# WORK INSTRUCTIONS:
Write out again the lines from the line with "In order to" up to and including the line with "What we do is", exactly as they stand below, and skip any picture.

# GIVEN INFORMATION:

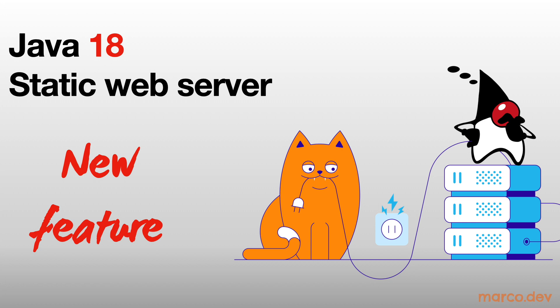Hi, we look at a new feature of Java 18, the static web server.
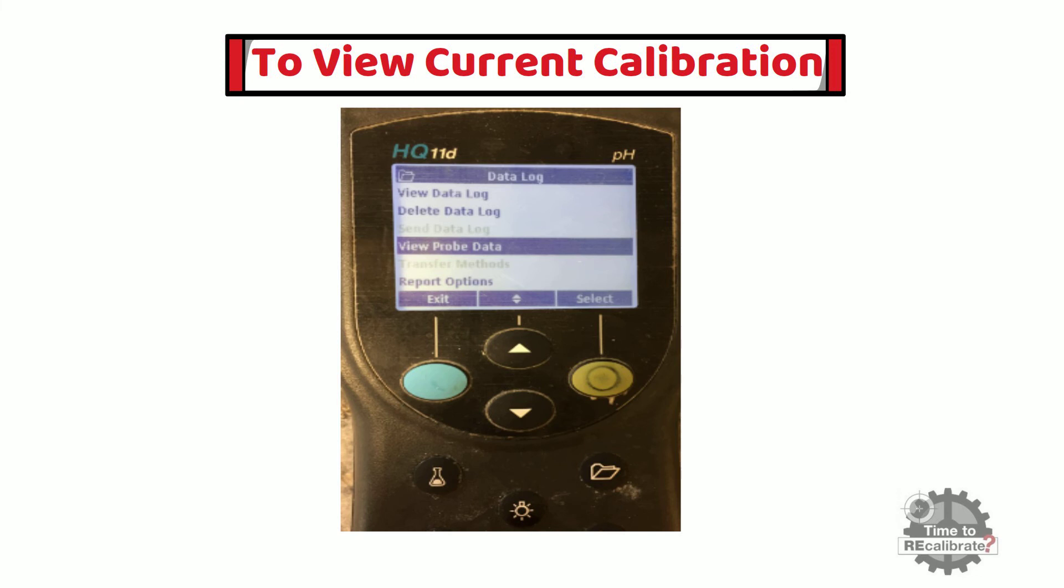In order to see previous calibration history, click on the data log button. You can see various options. Select the 'view probe data' option by using the down button and press the green button to enter this menu.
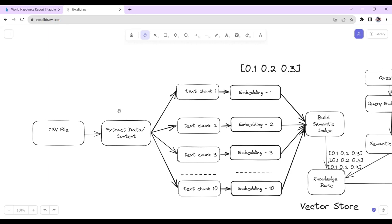What we do is basically split our data into a small number of chunks. After extracting all the data, we split it into multiple small chunks. We define that in each chunk we will have 500 characters or 1000 characters — we will set the chunk limit to a maximum of 500 English characters.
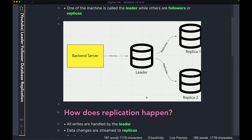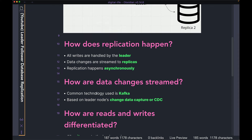By doing so, whenever a piece of data changes in the leader database, that change is reflected in the Kafka message, and the connectors around the replica nodes can read from that Kafka message and apply the change to the replica node, so that all three nodes — the leader, replica one, and replica two — have the most up-to-date data. The common technology used is Kafka. Because the leader is the one getting all the updated data first, every write is happening at the leader — it is the first point of contact for any new data. The leader writes new data into Kafka, and the replica nodes just read from that Kafka message and update their own data.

# YOUR RESPONSE:
In order to see previous calibration history, click on the data log button. You can see various options. Select the 'view probe data' option by using the down button and press the green button to enter this menu.
What we do is basically split our data into a small number of chunks. After extracting all the data, we split it into multiple small chunks. We define that in each chunk we will have 500 characters or 1000 characters — we will set the chunk limit to a maximum of 500 English characters.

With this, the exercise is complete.